▸ **Captioned web image data**
=== Begin Enclosure ===

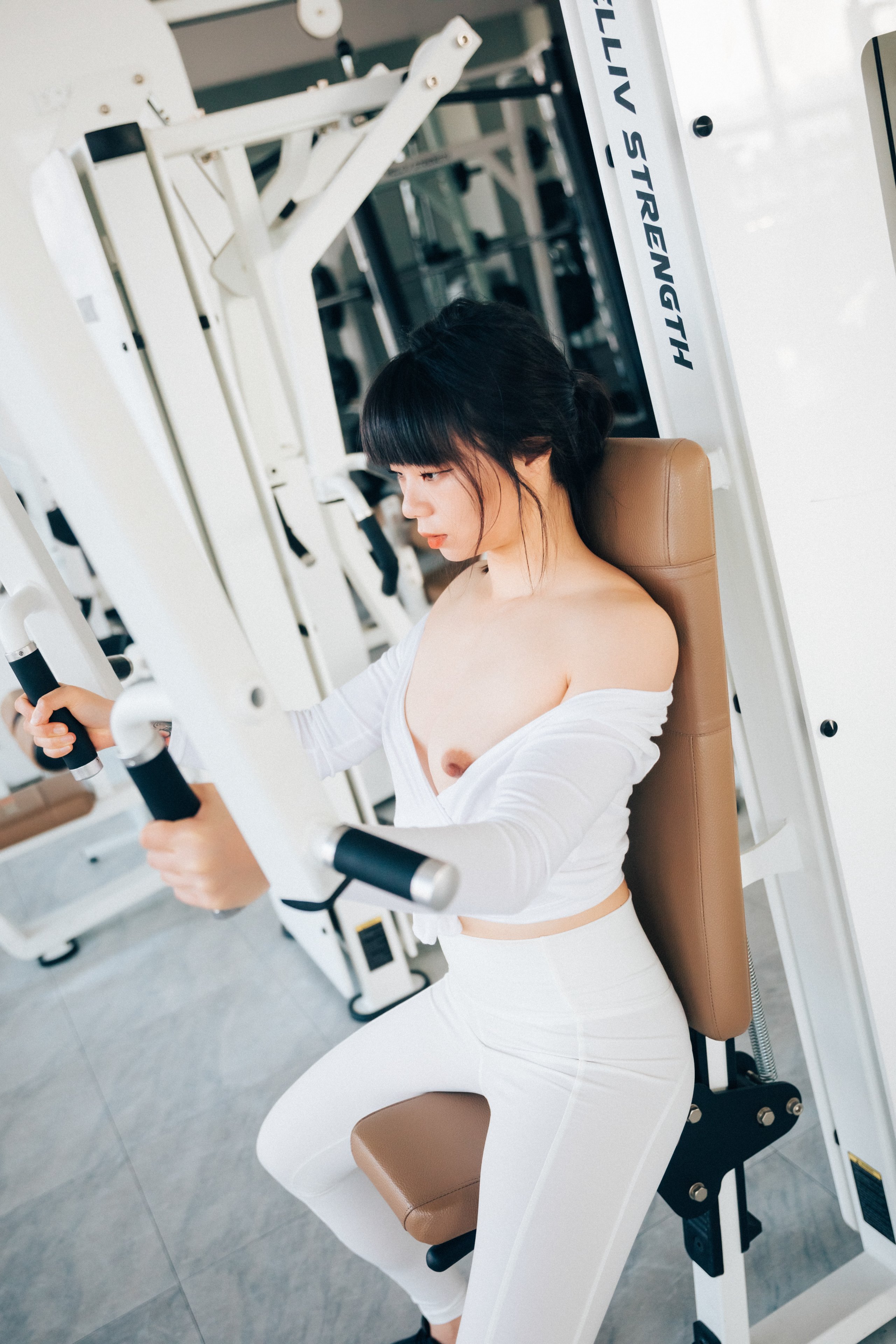 Loozy-Kissme-Strip-Fitness-Uncensored-MrCong.com-007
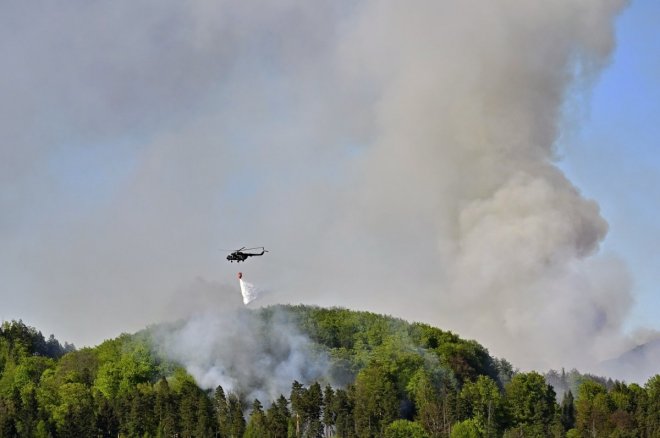 Vrtulníky s bambi vaky zasahují u požáru lesa v národním parku České Švýcarsko, 2. května 2026, Jetřichovice, Děčínsko.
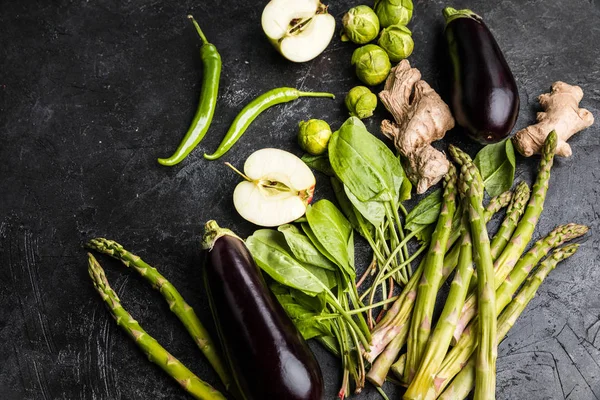 Produtos hortícolas frescos sazonais — Fotografia de Stock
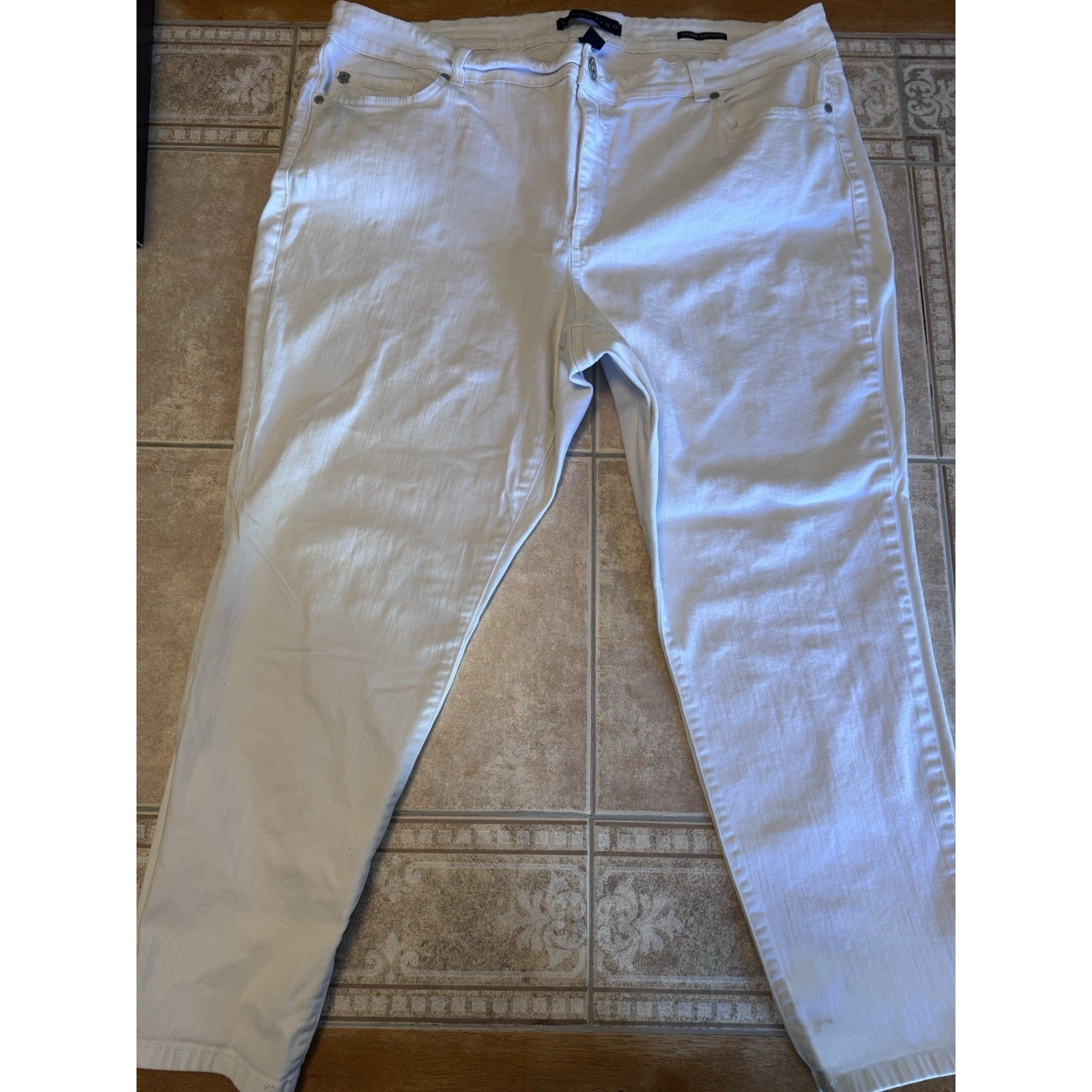 Women's 20 White Mandie Cotton Stretch Classic Straight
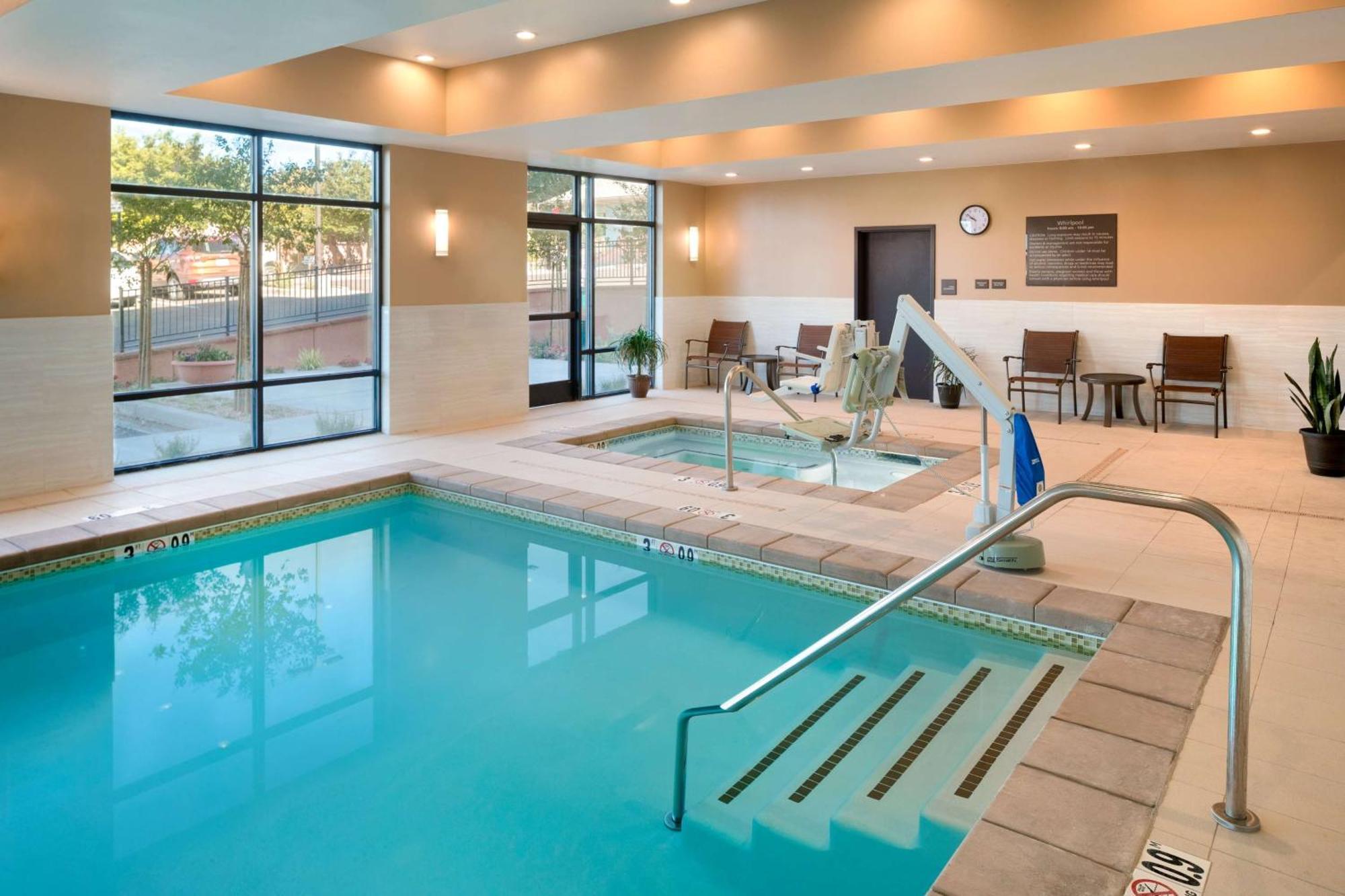 Hotel Hampton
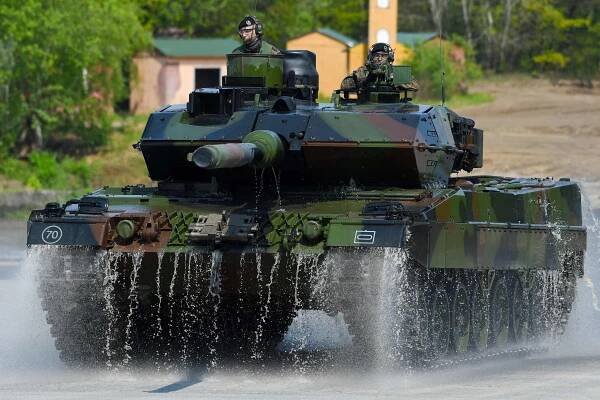 Ukraine’s Allies Fail to Agree on Sending German-Made Leopard Tanks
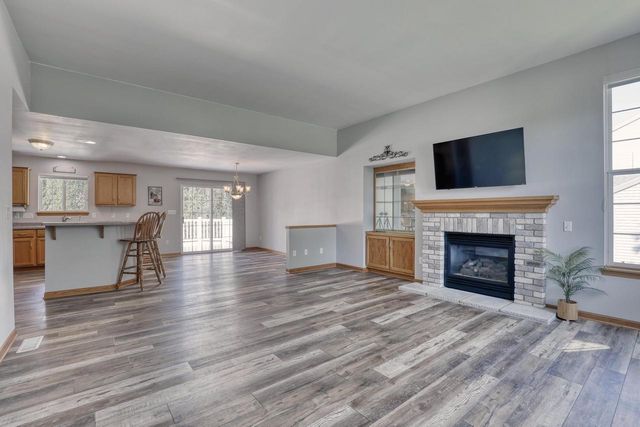 419 Majeskie DRIVE, Pewaukee, WI 53072
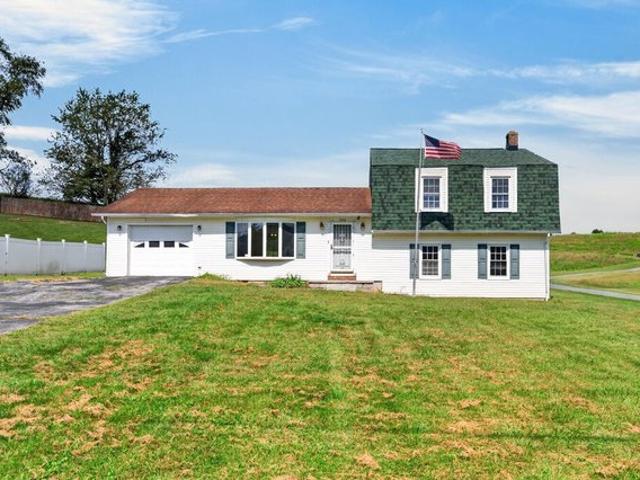 House for sale in Staley Crossroads, Rural Retreat
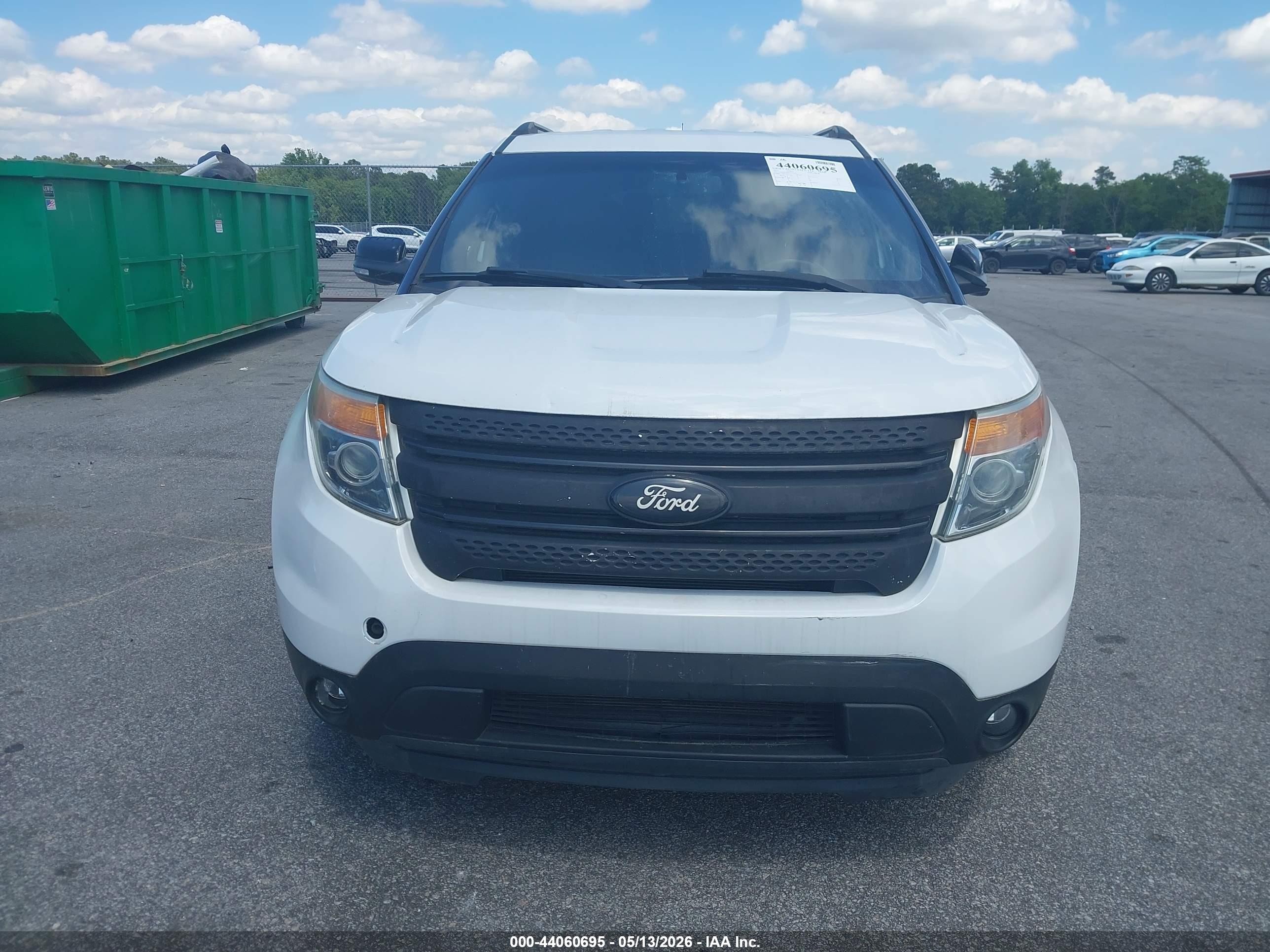 FORD EXPLORER image 6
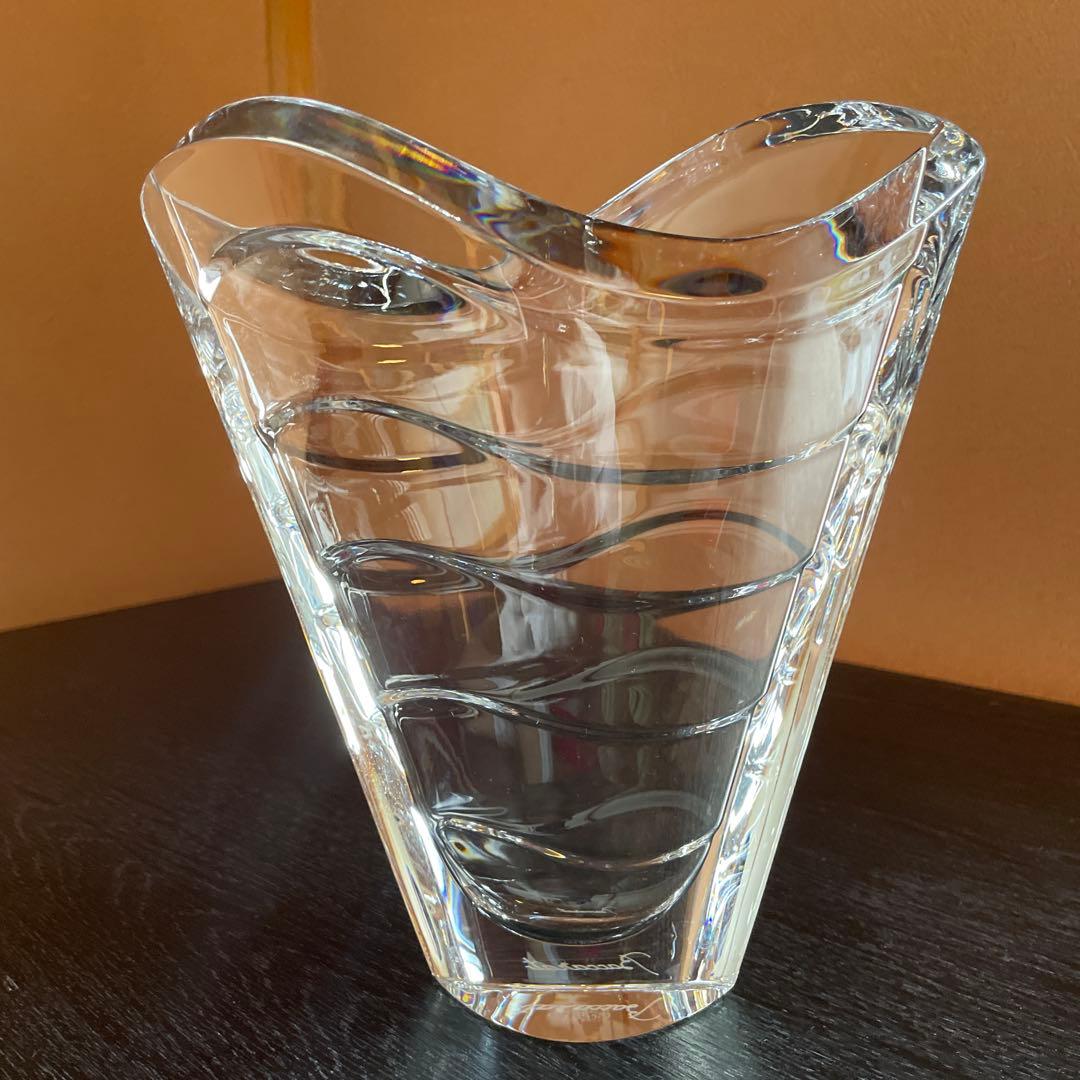 引*離様 【新品・未使用品】バカラ ウエーブ 花瓶 箱付き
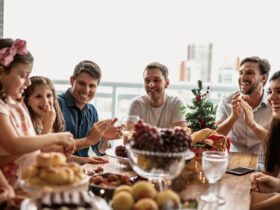 Host a Memorable Family Reunion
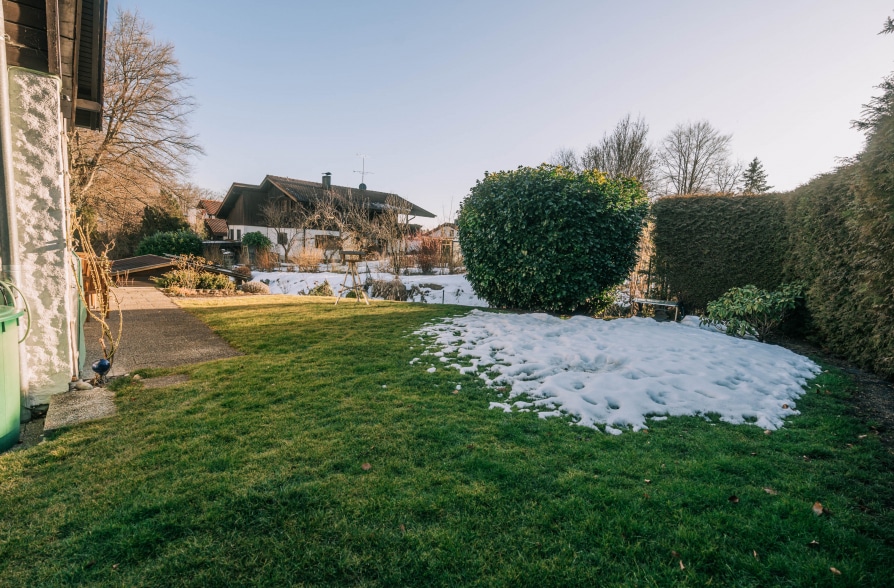 2 für 1 in Tutzing! Einfamilienhaus mit separatem Einlieger-Bungalow - Garten (41387)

=== End Enclosure ===

▸ **Exercise**
Without the images, write out all of the records exactly.

▸ **Reply to the exercise**
 Loozy-Kissme-Strip-Fitness-Uncensored-MrCong.com-007
 Vrtulníky s bambi vaky zasahují u požáru lesa v národním parku České Švýcarsko, 2. května 2026, Jetřichovice, Děčínsko.
 Produtos hortícolas frescos sazonais — Fotografia de Stock
 Women's 20 White Mandie Cotton Stretch Classic Straight
 Hotel Hampton
 Ukraine’s Allies Fail to Agree on Sending German-Made Leopard Tanks
 419 Majeskie DRIVE, Pewaukee, WI 53072
 House for sale in Staley Crossroads, Rural Retreat
 FORD EXPLORER image 6
 引*離様 【新品・未使用品】バカラ ウエーブ 花瓶 箱付き
 Host a Memorable Family Reunion
 2 für 1 in Tutzing! Einfamilienhaus mit separatem Einlieger-Bungalow - Garten (41387)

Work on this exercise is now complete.